# Your instructions:
Using the data that follows, return exactly the lines from the one that contains "Original Woven Jaal" through the one that contains "Mystical Fusion: Misty", ends included.

(Excerpts from a dataset)
* * *
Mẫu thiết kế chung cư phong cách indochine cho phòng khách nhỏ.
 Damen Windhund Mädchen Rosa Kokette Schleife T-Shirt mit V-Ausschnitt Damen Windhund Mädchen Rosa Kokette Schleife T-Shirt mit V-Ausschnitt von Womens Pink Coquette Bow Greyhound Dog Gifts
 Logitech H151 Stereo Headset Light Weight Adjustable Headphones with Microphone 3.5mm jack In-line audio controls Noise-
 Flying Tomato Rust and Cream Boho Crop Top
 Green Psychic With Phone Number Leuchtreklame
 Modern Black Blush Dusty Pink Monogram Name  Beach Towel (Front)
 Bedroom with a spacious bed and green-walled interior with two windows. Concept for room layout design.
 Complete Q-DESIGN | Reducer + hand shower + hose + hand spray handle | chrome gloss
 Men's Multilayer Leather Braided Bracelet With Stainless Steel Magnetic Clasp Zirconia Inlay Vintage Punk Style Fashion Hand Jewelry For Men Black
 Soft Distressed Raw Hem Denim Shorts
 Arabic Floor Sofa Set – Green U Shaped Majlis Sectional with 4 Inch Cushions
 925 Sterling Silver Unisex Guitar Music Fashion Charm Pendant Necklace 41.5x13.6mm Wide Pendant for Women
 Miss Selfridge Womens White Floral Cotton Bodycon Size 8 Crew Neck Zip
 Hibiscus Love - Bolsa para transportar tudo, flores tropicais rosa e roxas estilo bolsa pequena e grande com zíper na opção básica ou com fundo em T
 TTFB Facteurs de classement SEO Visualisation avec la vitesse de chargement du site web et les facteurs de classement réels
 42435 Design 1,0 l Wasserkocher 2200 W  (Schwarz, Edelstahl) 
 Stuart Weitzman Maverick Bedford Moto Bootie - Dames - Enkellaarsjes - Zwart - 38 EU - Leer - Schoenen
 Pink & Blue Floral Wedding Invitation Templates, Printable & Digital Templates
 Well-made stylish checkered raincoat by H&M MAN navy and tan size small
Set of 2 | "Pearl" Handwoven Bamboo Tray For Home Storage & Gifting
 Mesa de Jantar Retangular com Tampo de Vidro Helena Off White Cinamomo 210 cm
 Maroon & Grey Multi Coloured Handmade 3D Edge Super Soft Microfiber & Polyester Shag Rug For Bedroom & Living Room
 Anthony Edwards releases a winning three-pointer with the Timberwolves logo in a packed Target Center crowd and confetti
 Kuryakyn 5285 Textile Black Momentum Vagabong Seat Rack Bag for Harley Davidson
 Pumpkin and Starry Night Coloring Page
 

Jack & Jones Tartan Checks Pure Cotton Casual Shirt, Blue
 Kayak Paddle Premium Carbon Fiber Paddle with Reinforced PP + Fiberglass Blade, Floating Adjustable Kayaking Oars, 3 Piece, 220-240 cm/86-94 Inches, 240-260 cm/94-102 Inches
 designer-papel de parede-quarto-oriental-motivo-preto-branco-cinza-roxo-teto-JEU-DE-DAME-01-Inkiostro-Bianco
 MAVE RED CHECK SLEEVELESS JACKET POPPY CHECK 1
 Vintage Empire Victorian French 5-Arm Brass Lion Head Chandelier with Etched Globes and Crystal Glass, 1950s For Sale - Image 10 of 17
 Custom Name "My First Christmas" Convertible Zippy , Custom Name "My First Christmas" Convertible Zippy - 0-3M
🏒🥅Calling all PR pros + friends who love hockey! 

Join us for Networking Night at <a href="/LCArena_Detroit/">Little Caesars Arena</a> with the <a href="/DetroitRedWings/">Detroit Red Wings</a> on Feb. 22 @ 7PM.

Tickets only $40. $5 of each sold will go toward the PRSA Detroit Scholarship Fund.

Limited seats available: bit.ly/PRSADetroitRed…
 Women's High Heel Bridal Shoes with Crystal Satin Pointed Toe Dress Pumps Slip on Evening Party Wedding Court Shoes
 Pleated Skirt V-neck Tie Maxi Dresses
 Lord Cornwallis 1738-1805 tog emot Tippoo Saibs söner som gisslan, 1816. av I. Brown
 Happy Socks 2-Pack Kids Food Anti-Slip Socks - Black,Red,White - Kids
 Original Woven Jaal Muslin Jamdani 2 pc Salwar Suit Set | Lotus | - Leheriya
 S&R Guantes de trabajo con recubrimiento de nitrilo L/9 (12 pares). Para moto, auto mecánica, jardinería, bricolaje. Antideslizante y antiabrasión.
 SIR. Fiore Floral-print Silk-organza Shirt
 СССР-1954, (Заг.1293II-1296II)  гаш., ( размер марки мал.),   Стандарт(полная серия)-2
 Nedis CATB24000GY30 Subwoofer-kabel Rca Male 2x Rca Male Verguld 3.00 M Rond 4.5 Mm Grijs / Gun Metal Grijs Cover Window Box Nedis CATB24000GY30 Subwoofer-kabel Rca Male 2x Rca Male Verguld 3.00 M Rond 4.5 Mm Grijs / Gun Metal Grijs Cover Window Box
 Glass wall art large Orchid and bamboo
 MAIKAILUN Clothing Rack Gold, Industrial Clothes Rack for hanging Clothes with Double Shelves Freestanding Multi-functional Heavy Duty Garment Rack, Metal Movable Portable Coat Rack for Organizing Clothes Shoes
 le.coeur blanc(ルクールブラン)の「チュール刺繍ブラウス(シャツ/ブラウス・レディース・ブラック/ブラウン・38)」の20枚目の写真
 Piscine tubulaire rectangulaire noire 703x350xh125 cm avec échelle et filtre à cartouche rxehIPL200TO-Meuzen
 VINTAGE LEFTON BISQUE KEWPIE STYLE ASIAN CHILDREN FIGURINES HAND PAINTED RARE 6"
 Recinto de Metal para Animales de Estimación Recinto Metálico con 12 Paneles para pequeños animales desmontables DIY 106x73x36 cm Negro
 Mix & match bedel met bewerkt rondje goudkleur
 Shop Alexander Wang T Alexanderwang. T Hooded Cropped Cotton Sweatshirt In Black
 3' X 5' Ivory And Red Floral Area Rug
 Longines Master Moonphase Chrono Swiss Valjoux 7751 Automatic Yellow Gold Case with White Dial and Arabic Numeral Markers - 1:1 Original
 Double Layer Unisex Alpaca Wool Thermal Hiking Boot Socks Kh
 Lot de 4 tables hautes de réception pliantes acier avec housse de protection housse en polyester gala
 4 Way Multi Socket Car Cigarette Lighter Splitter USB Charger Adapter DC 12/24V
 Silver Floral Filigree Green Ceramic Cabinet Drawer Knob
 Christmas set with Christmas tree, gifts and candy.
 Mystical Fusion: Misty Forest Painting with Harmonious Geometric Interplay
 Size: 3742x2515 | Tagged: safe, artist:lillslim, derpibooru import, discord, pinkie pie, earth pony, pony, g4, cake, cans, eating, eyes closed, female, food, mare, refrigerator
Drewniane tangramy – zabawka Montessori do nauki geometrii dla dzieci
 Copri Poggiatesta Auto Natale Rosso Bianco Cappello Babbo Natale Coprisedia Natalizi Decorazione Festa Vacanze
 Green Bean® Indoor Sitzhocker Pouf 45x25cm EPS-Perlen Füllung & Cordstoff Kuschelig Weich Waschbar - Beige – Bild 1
* * *
# Task solution:
 Original Woven Jaal Muslin Jamdani 2 pc Salwar Suit Set | Lotus | - Leheriya
 S&R Guantes de trabajo con recubrimiento de nitrilo L/9 (12 pares). Para moto, auto mecánica, jardinería, bricolaje. Antideslizante y antiabrasión.
 SIR. Fiore Floral-print Silk-organza Shirt
 СССР-1954, (Заг.1293II-1296II)  гаш., ( размер марки мал.),   Стандарт(полная серия)-2
 Nedis CATB24000GY30 Subwoofer-kabel Rca Male 2x Rca Male Verguld 3.00 M Rond 4.5 Mm Grijs / Gun Metal Grijs Cover Window Box Nedis CATB24000GY30 Subwoofer-kabel Rca Male 2x Rca Male Verguld 3.00 M Rond 4.5 Mm Grijs / Gun Metal Grijs Cover Window Box
 Glass wall art large Orchid and bamboo
 MAIKAILUN Clothing Rack Gold, Industrial Clothes Rack for hanging Clothes with Double Shelves Freestanding Multi-functional Heavy Duty Garment Rack, Metal Movable Portable Coat Rack for Organizing Clothes Shoes
 le.coeur blanc(ルクールブラン)の「チュール刺繍ブラウス(シャツ/ブラウス・レディース・ブラック/ブラウン・38)」の20枚目の写真
 Piscine tubulaire rectangulaire noire 703x350xh125 cm avec échelle et filtre à cartouche rxehIPL200TO-Meuzen
 VINTAGE LEFTON BISQUE KEWPIE STYLE ASIAN CHILDREN FIGURINES HAND PAINTED RARE 6"
 Recinto de Metal para Animales de Estimación Recinto Metálico con 12 Paneles para pequeños animales desmontables DIY 106x73x36 cm Negro
 Mix & match bedel met bewerkt rondje goudkleur
 Shop Alexander Wang T Alexanderwang. T Hooded Cropped Cotton Sweatshirt In Black
 3' X 5' Ivory And Red Floral Area Rug
 Longines Master Moonphase Chrono Swiss Valjoux 7751 Automatic Yellow Gold Case with White Dial and Arabic Numeral Markers - 1:1 Original
 Double Layer Unisex Alpaca Wool Thermal Hiking Boot Socks Kh
 Lot de 4 tables hautes de réception pliantes acier avec housse de protection housse en polyester gala
 4 Way Multi Socket Car Cigarette Lighter Splitter USB Charger Adapter DC 12/24V
 Silver Floral Filigree Green Ceramic Cabinet Drawer Knob
 Christmas set with Christmas tree, gifts and candy.
 Mystical Fusion: Misty Forest Painting with Harmonious Geometric Interplay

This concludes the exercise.